RECORDS SUPPLIED:

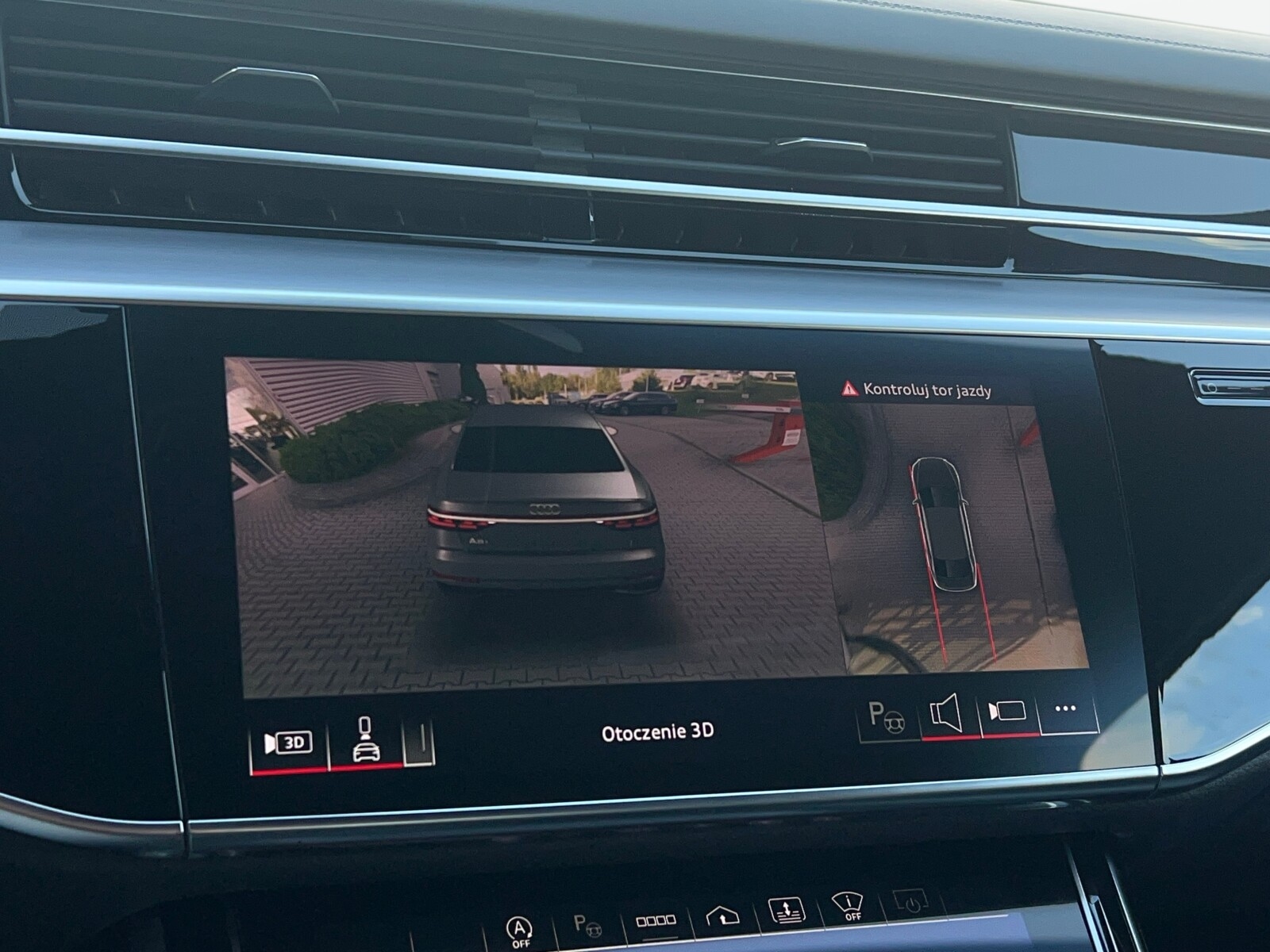 Audi A8 L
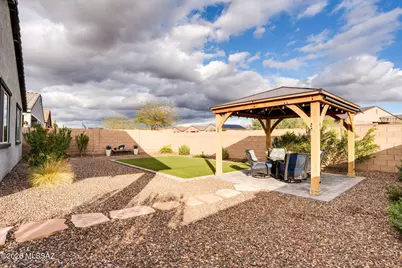 5567 W Lazy Farm Drive, Tucson, AZ 85742 - Photo 32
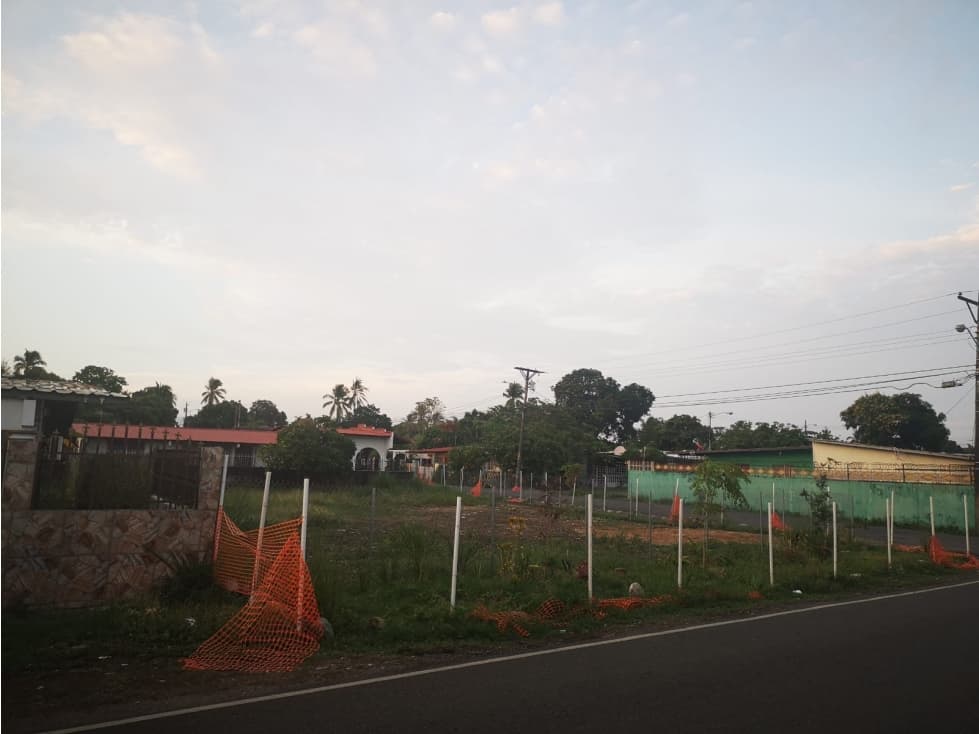 Se vende lote comercial en Juan Díaz - 1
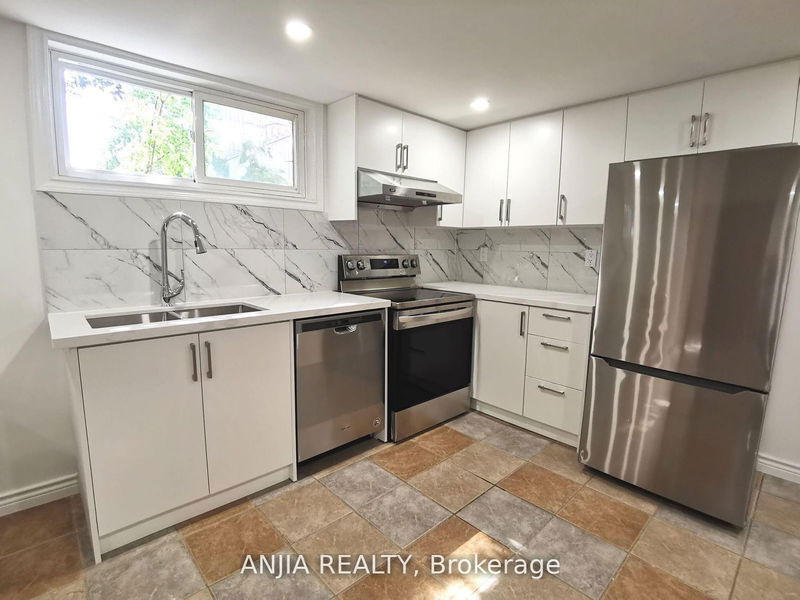 home for lease on 442 Bonita Crescent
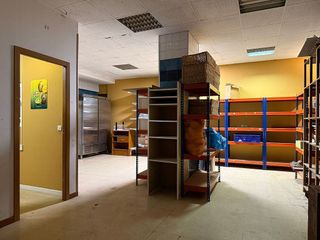 Local comercial en alquiler en El Polígono en Gijón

PROBLEM DETAILS:
Would you write out an exact copy of the entries above, with no images?

RESULT OF THE TASK:
 Audi A8 L
 5567 W Lazy Farm Drive, Tucson, AZ 85742 - Photo 32
 Se vende lote comercial en Juan Díaz - 1
 home for lease on 442 Bonita Crescent
 Local comercial en alquiler en El Polígono en Gijón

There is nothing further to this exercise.